In regard to the first innuendo, Ostler J held that because the statement only referred to the fact that he should not be allowed to race again due to the serious injuries suffered in a fall, the statement was not defamatory. This was because "such a statement does not tend to expose the man to hatred, ridicule, or contempt of his fellow men, or diminish his reputation, or cause him to be shunned or avoided".[93] His Honour further held that an imputation of unfitness will only be defamatory where the unfitness is shown to have arisen by reason of lack of skill, experience, honesty or industry on the part of the plaintiff.[94]

Ostler J then stated that although the words used in the other two innuendos were capable of the meanings alleged, that is, it would be dangerous to permit someone to ride again in a horse race due to previous injuries, they were not defamatory.[95] Another significant finding was that at the time of the article Henderson was not actually a jockey, since under the rules of horse racing no one could carry on the occupation of a jockey unless he was the holder of a licence that was granted annually by the Racing Conference.[96] He had therefore ceased to be a jockey when he had applied for compensation and informed the Racing Conference that he wished to go into some other business.[97] His Honour then held that the law of defamation was well established "that a person suing for slander in relation to his calling cannot succeed unless he is following that calling at the time the slander was published".[98]

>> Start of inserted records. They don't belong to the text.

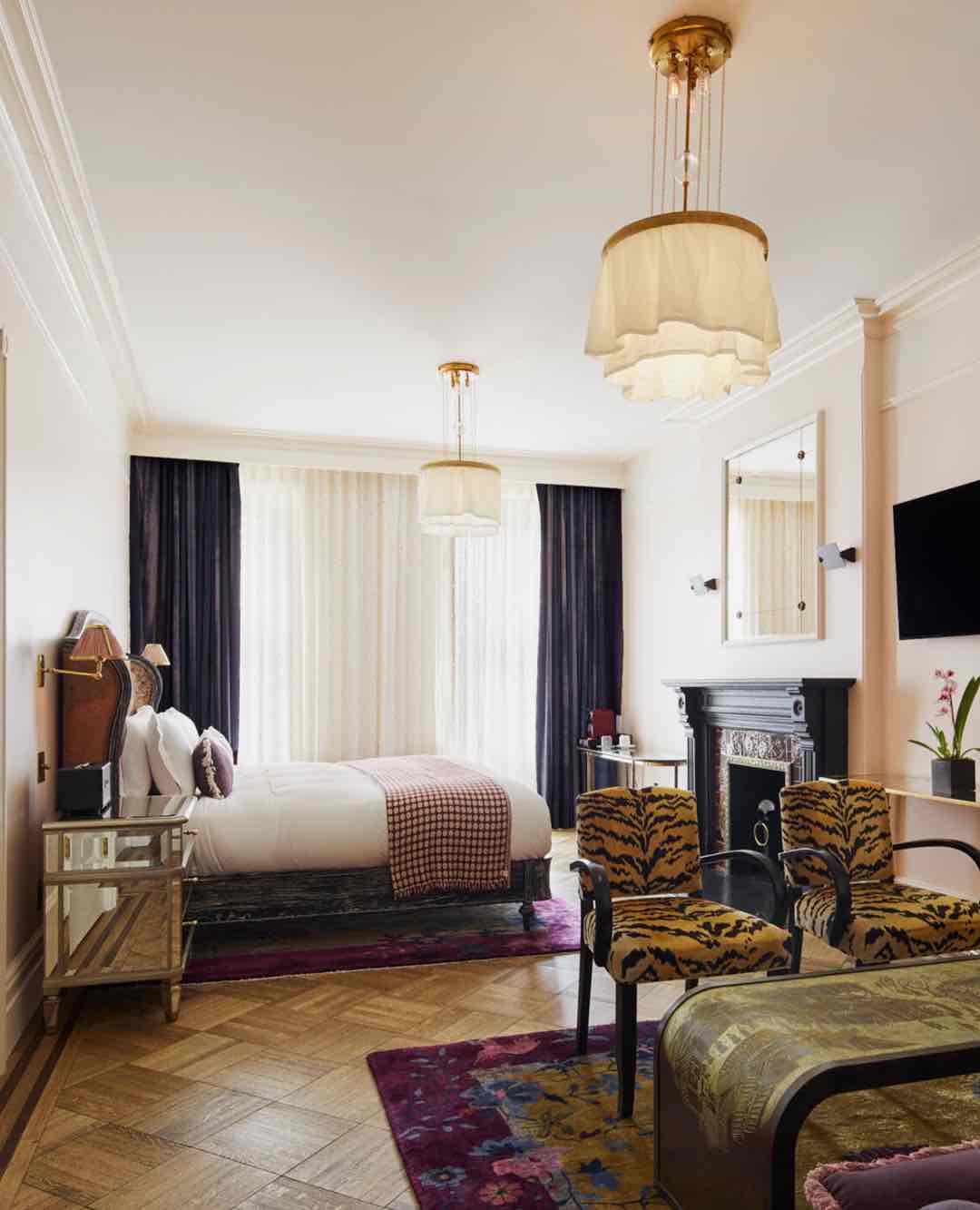 The Hotel Chelsea'nin yenilenen odası, kaplan desenli sandalyeler, klasik şömine ve modern avizelerle bohem ve lüks bir atmosfer yaratıyor. Parke zemin ve zengin dokular tasarımı tamamlıyor.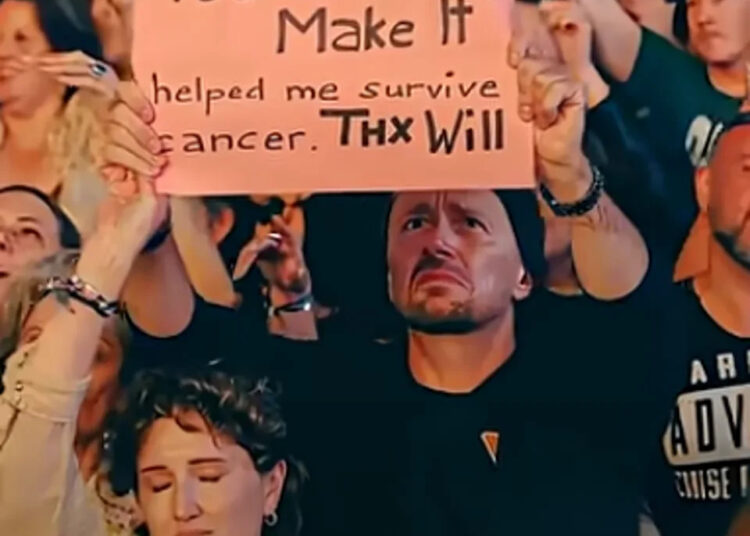 A woman's headband seems to go over the wrist of the woman in front, while her own hand morphs into the man holding up a sign (YouTube/Will Smith)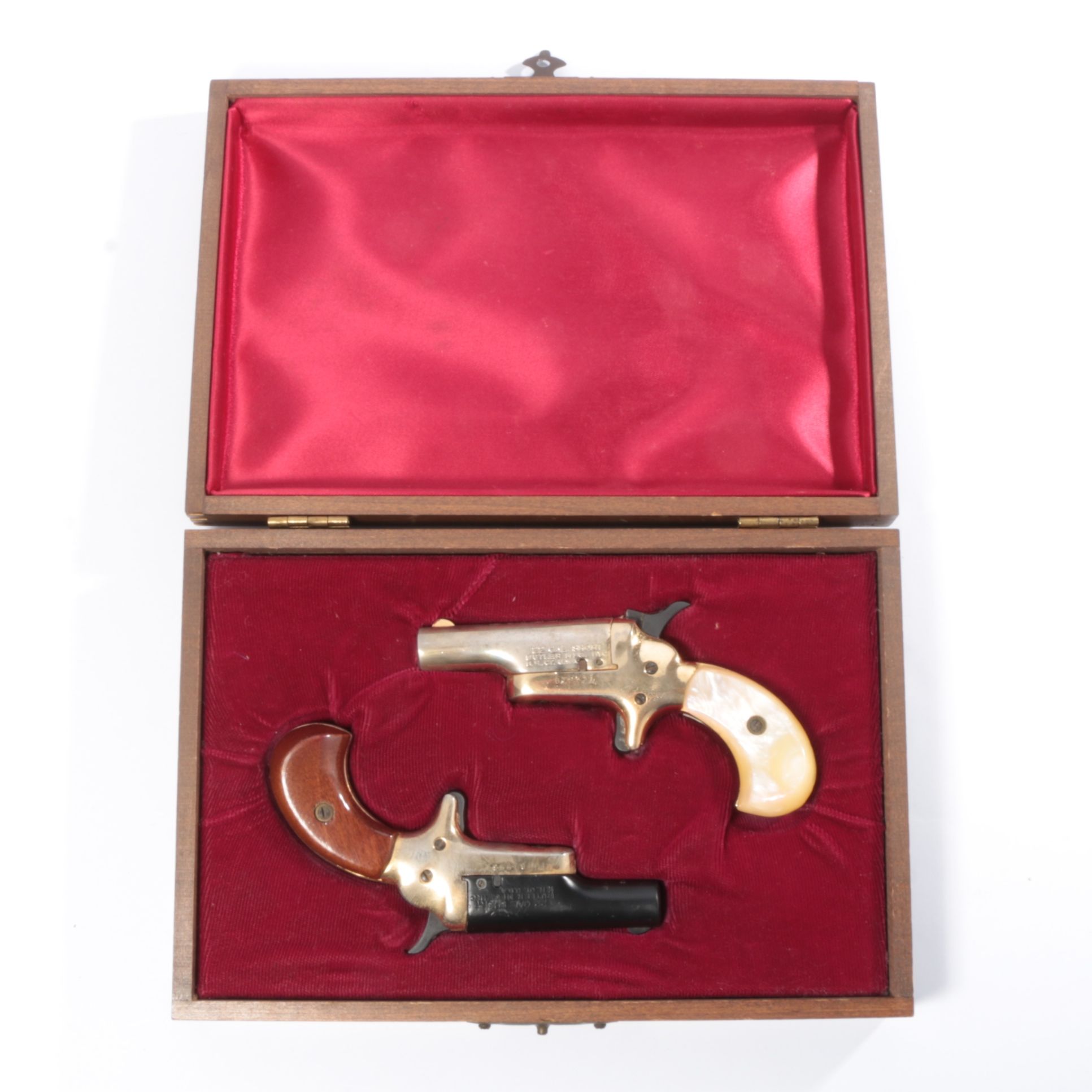 Pair of Butler Single Shot Derringer Type .22 Short Pistols in Presentation Case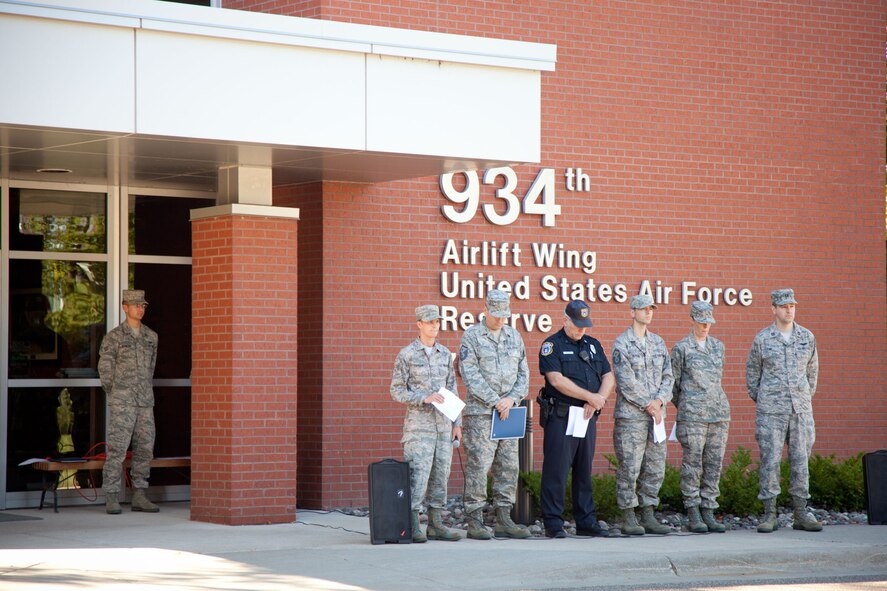 Readers during a Remembrance Ceremony at the 934th Airlift Wing observe a moment of silence in honor of those lost 9/11.  The wing held the ceremony on Sunday over the Unit Training Assembly weekend.  (U.S. Air Force Photo/Shannon McKay)
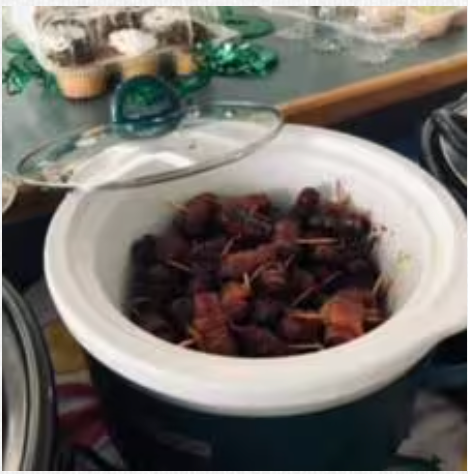 A bowl of food with a glass lid is sitting on a table.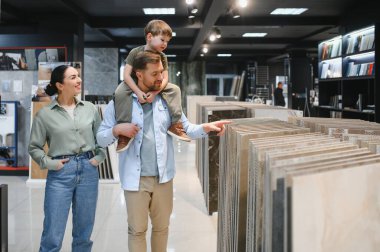 Mutlu aile, seramik fayansları seçerken parlak ve modern bir hırdavatçıda birlikte vakit geçiriyorlar.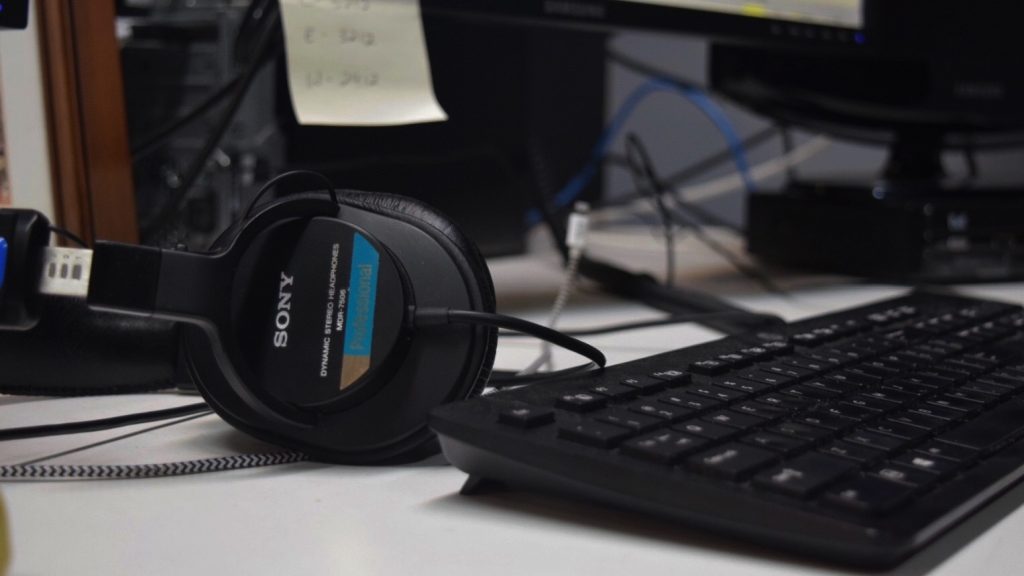 A pair of headphones sit next to a keyboard on a desk.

Henderson v Thompson was later referred to in the Australian case of Boyd v Mirror Newspapers Ltd[99] involving Australian rugby league player, Les Boyd. Boyd had begun his first grade career with the Western Suburbs club in the then New South Wales Rugby League competition, the forerunner of today's NRL. He reached the highest level of the game by being selected to play for Australia in 1978 and 1979, and in 1980 he transferred to the Manly-Warringah club. It was after a game for Manly that the Daily Mirror published an article that was critical of Boyd's fitness and physical appearance under the headline "Boyd is fat, slow and predictable."[100] The article also stated that Boyd was not capable of playing in his position of second row. Boyd then sued Mirror Newspapers for defamation, pleading the following imputations: that he was so slow that he could not play in his position as a second row forward; that he was so fat as to appear ridiculous on a first grade football field; and that he had allowed his physical condition to degenerate so that he was a hopeless second rower.[101]

In regard to the first imputation Justice Hunt held there was nothing in the description of being fat and slow, even if the person was a first grade rugby league player, that would tend to make people shun or avoid him, nor was it capable of displaying him in a ridiculous light. To be defamatory at common law, the imputation must be personally disparaging of the plaintiff, and without some suggestion that there was blameworthiness on the part of Boyd, such an imputation could not be said to be disparaging.[102]

In relation to the second imputation, Hunt J stated that the word "ridiculous" means deserved to be laughed at, or absurd with Boyd referring to the comments in the article that he had "waddled" onto the field. His Honour stated that it was "open to the ordinary reasonable reader of this article to read into it a suggestion of fault on the part of the plaintiff [Boyd]". This imputation was therefore to go to the jury.[103] With regard to the third imputation that Boyd had so allowed his physical condition to degenerate that he was a hopeless second row forward in first grade rugby league, Justice Hunt stated that "the imputation of unfitness is not defamatory, unless there is some disparagement of him which lowers his reputation in the judgment of his fellow men".[104] This third imputation was therefore also held to be a matter for the jury.[105]

Henderson v Thompson and Boyd v Mirror Newspapers involved the media, in the form of newspapers, making criticisms of a player and a competitor. It is suggested the cases indicate that in both Australia and New Zealand it is going to be difficult for a player or competitor to successfully argue that such criticism is defamatory as they are unlikely to result in the player being shunned or avoided. It is also likely that it is either the truth or fair comment, given the fact that it in invariably involves a sports journalist just doing their job. However, in both cases it was held that an imputation of unfitness can be defamatory, but only where it "is shown to have arisen by reason of lack of skill, experience, honesty or industry on the part of the plaintiff."[106]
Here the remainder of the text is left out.